Proceedings of IATL 17
While opinions on the semantic analysis of generics vary widely, most scholars would agree that generics have a quasi-universal flavor. However, there are cases where generics receive what appears to be an existential interpretation. For example, B's response is true, even though only the platypus and the echidna lay eggs:
(1) A: Birds lay eggs.
B: Mammals lay eggs, too.

In this paper I propose a uniform account of the semantics of generics, which accounts for the quasi-existential readings as well as for the usual quasi-universal ones.

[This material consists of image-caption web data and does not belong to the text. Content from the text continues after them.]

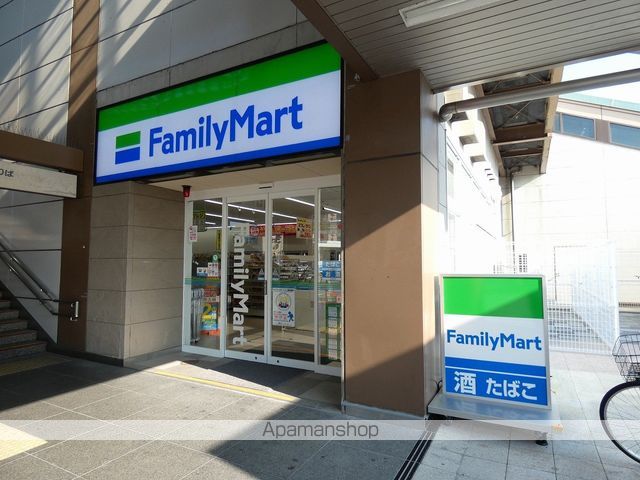 サマリヤハイツの周辺写真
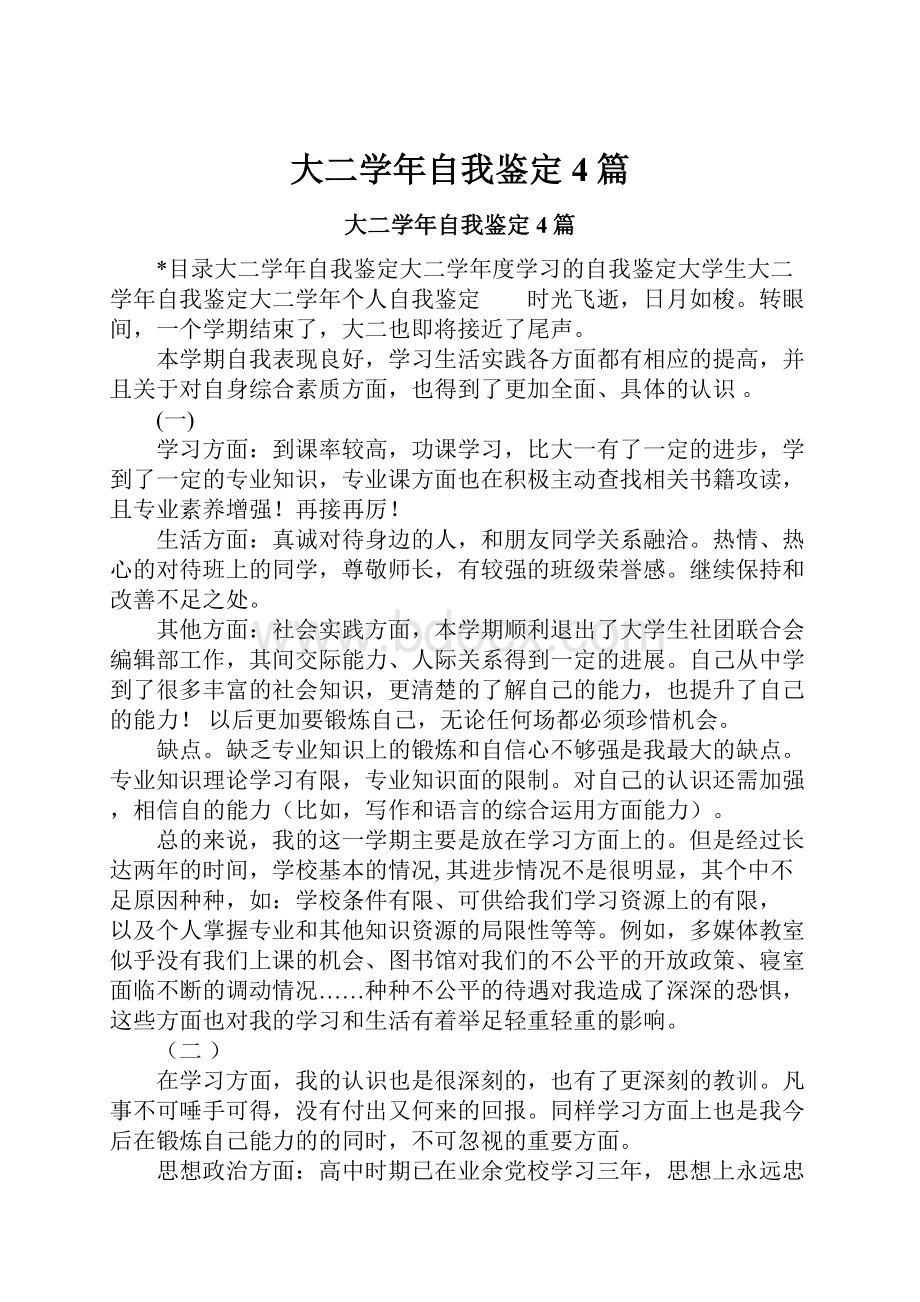 大二学年自我鉴定4篇.docx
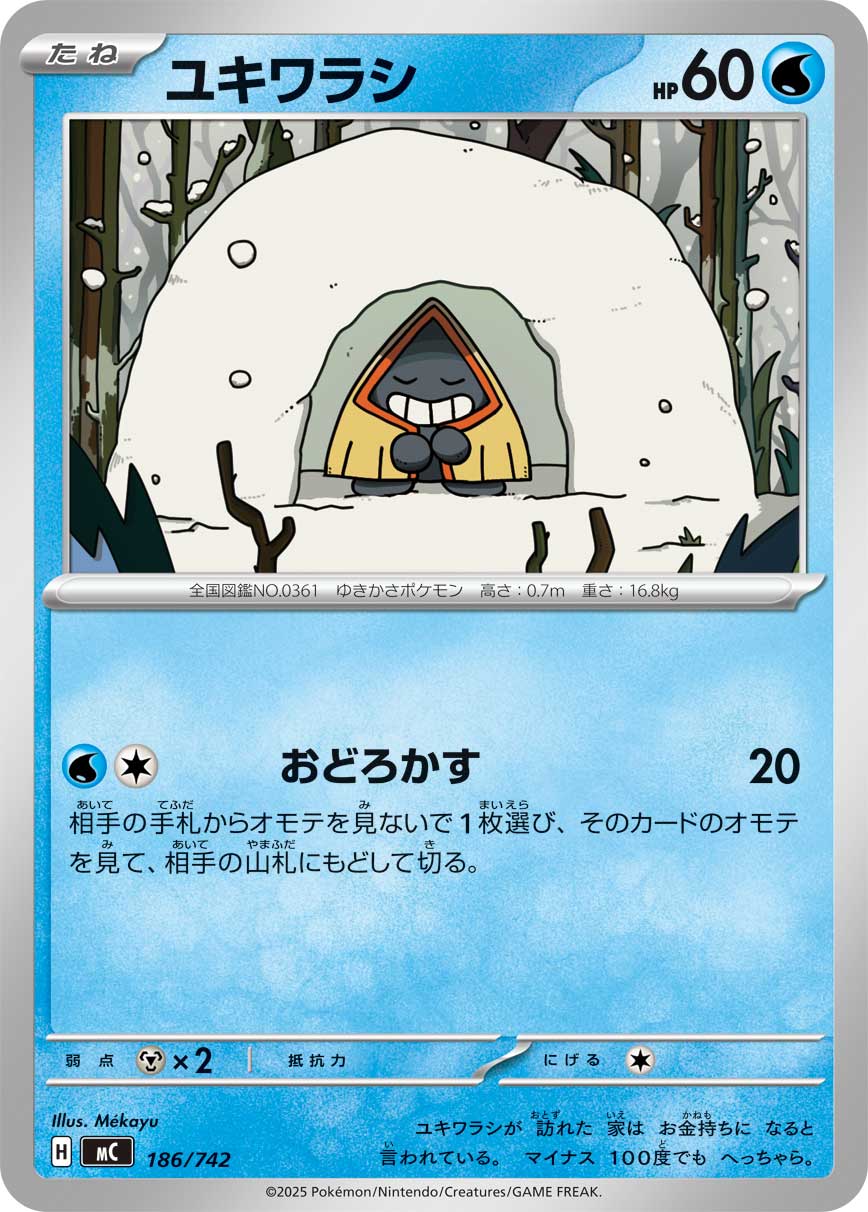 ユキワラシ[186/742][-][MC]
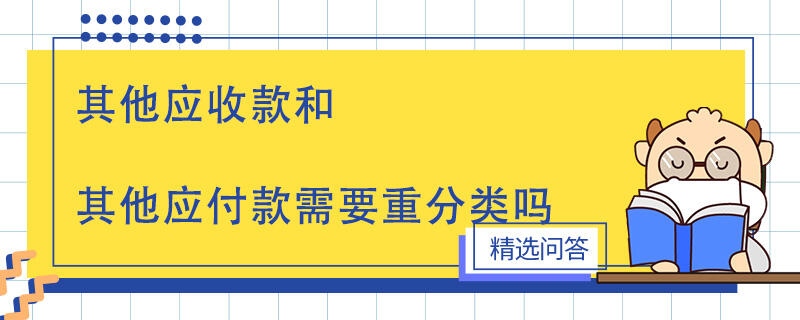 其他应收款和其他应付款需要重分类吗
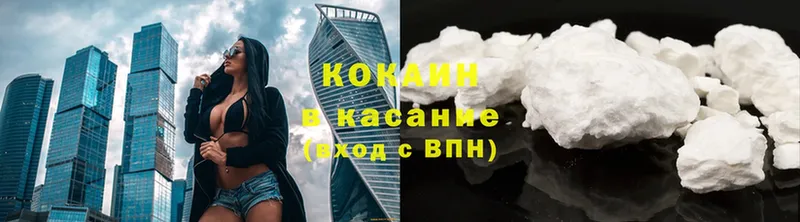 Кокаин FishScale  Артёмовск 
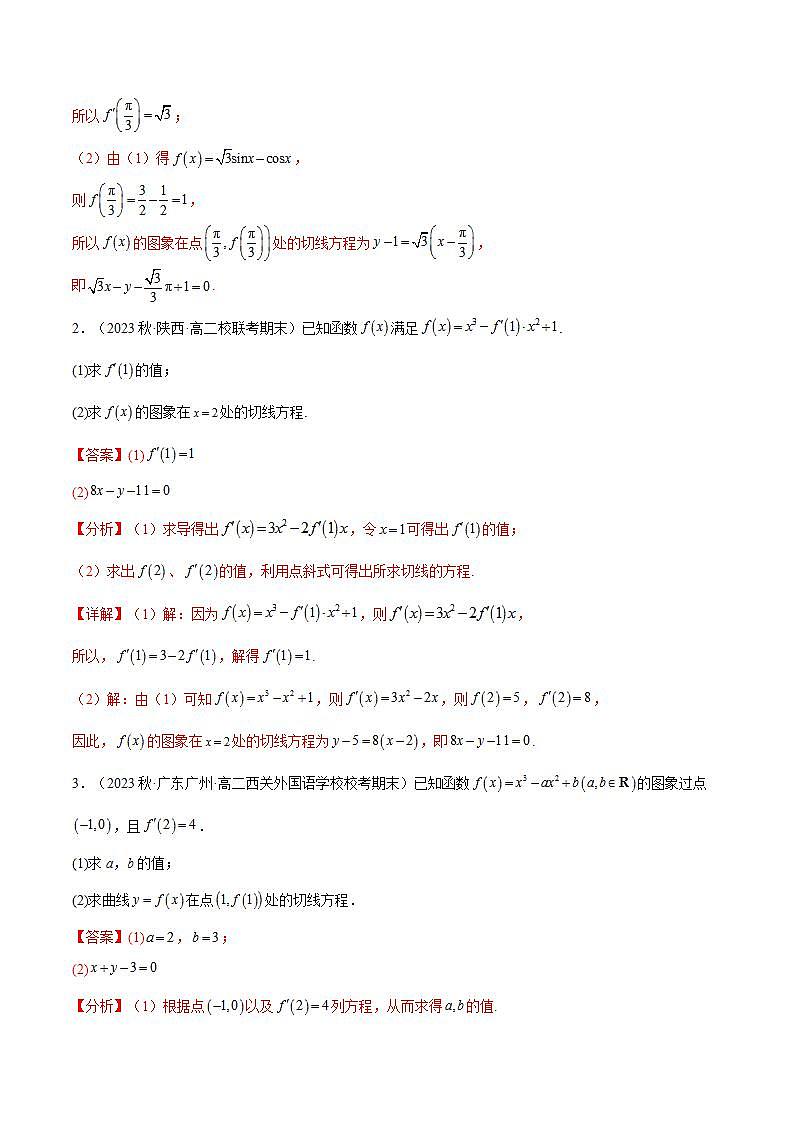 人教A版（2019）选修二 第五章一元函数的导数及其应用 拓展十二：导数大题的8种常见考法总结-直击高考考点归纳-讲义02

Generics are focus-sensitive: their domain is restricted by a set of alternatives, which may be provided by focus. I claim that, unlike other focus-sensitive operators, generics may, but do not have to, associate with focus. When alternatives are induced, either by focus or by other means, generics get their usual quasi-universal readings. But when no alternatives are introduced, quasi-existential readings result.

I argue that generics, unlike adverbs of quantification, do not introduce tripartite structures directly, but are initially interpreted as cases of direct kind predication. Only when this interpretation fails to make sense, the generic quantifier is accommodated, and tripartite structures result. This two-level interpretation has the effect that while adverbs of quantification require focus to determine which elements go to the restrictor and which to the nuclear scope, and hence must associate with focus, generics do not, and hence allow no association with focus and quasi-existential readings.